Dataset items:
"""
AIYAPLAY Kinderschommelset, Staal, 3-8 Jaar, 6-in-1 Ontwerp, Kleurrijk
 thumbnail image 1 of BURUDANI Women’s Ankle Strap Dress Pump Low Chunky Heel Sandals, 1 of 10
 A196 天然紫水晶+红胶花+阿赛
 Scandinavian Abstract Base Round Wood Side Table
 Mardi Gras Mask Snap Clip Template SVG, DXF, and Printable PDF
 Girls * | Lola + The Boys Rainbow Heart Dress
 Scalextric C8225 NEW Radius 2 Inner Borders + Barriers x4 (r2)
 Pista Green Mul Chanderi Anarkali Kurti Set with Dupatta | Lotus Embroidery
"""
* _PROBLEM REQUIREMENTS_
Go through the records and show every line with the string "Dress" in it.

* _RESULT_
 thumbnail image 1 of BURUDANI Women’s Ankle Strap Dress Pump Low Chunky Heel Sandals, 1 of 10
 Girls * | Lola + The Boys Rainbow Heart Dress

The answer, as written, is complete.